What is being asked => Please transcribe exactly the line that holds "Frida Baby Natural" and all lines that follow it to the end of the records below, omitting any pictures.

*** Opening of Available records ***

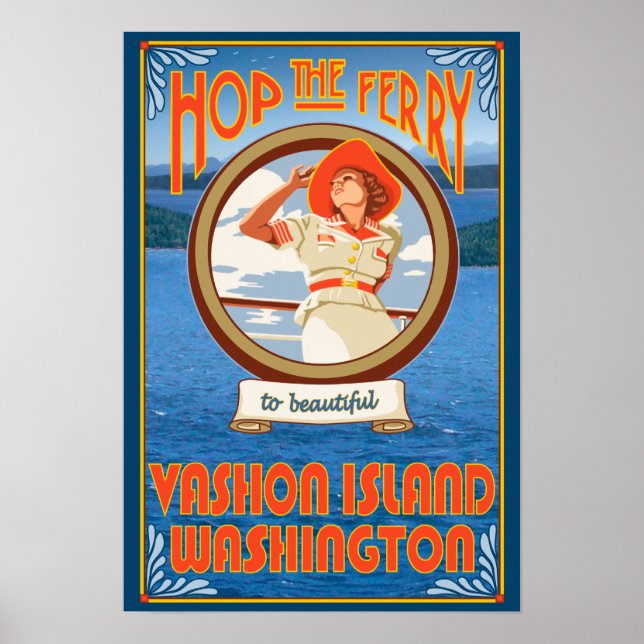 Woman Riding Ferry - Vashon Island, Washington Poster (Vorne)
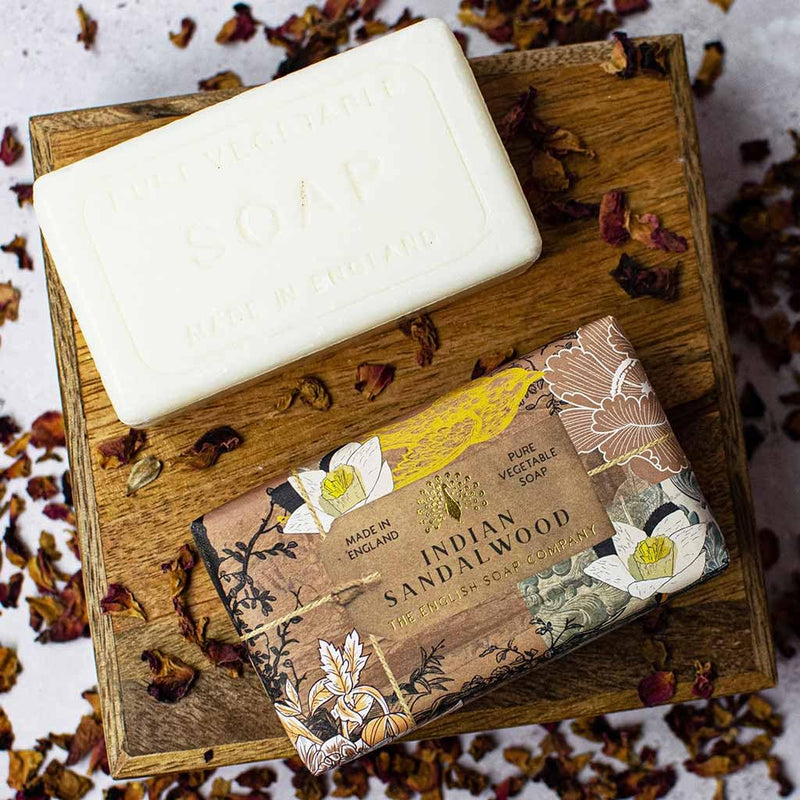 The English Soap Company Anniversary Wrapped Soap Bar, 190g - Indian Sandalwood Scented Shea Butter, Moisturising Body Soap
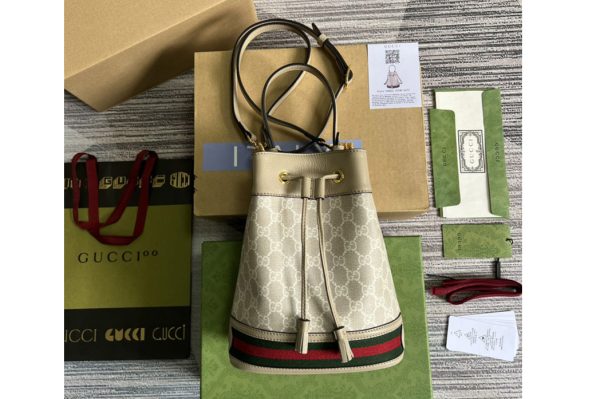 Replica Gucci 550621 Ophidia small GG bucket bag in Beige and white GG Supreme canvas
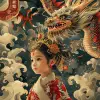 农历新年红龙，皮克斯动画风格，中国传统文化主题，错综复杂的服装，维多利亚风格的插图，欢乐的混乱，--ar 1：1 --styminster 750 --v 6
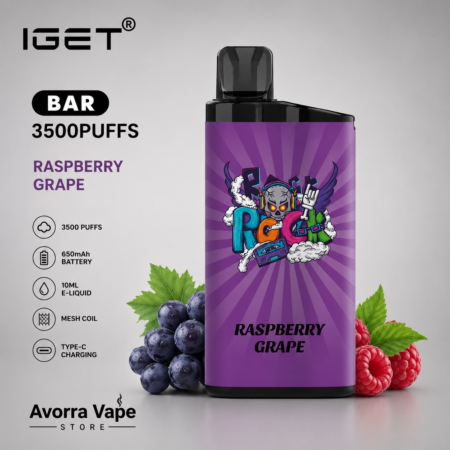 IGET BAR – RASPBERRY GRAPE – 3500 PUFFS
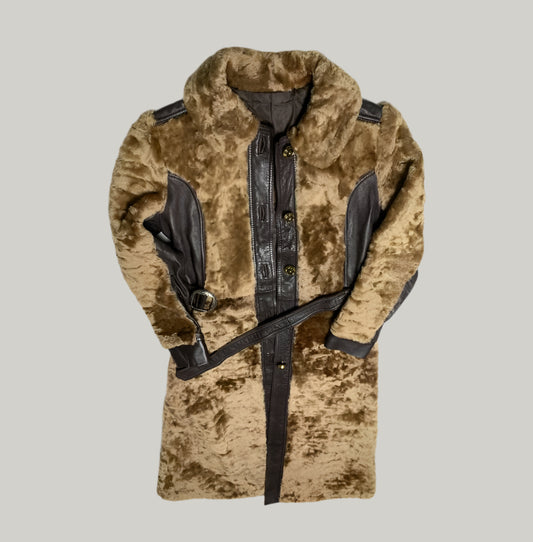Shearling and Leather Contrast Coat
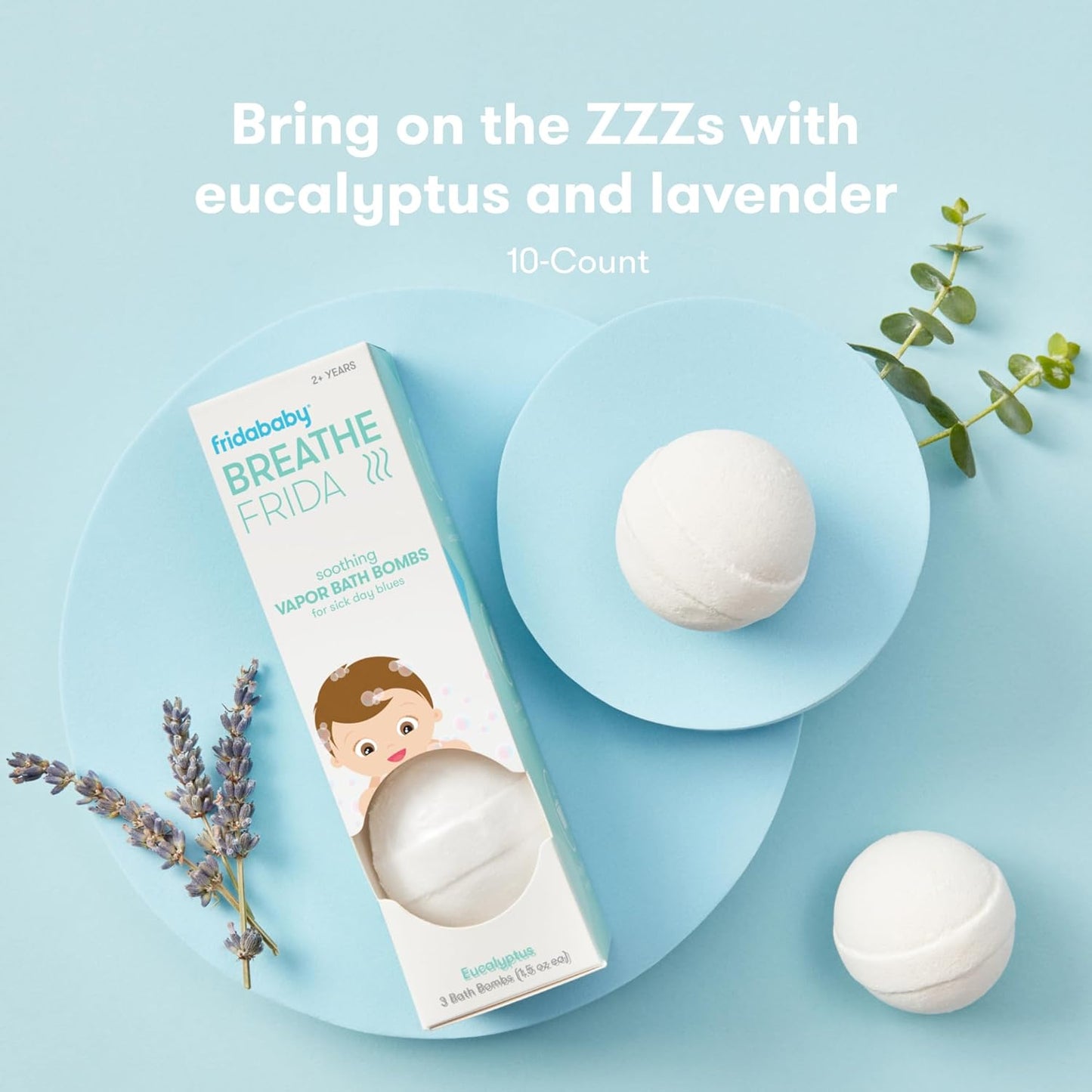 Frida Baby Natural Vapor Bath Bombs for Toddlers & Kids, Eucalyptus Es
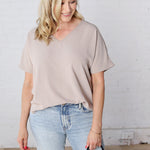 Kehlani Woven Airflow V-Neck Blouse - Sand Beige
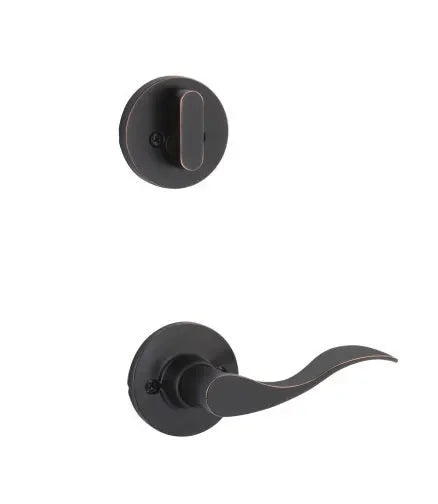 The Yale Expressions Single Cylinder Owen Interior Trim Pack with Left Handed Brunswick Lever-Exterior Trim Sold Separately in Oil Rubbed Bronze finish.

*** Close of Available records ***

Solved problem =>
 Frida Baby Natural Vapor Bath Bombs for Toddlers & Kids, Eucalyptus Es
 Kehlani Woven Airflow V-Neck Blouse - Sand Beige
 The Yale Expressions Single Cylinder Owen Interior Trim Pack with Left Handed Brunswick Lever-Exterior Trim Sold Separately in Oil Rubbed Bronze finish.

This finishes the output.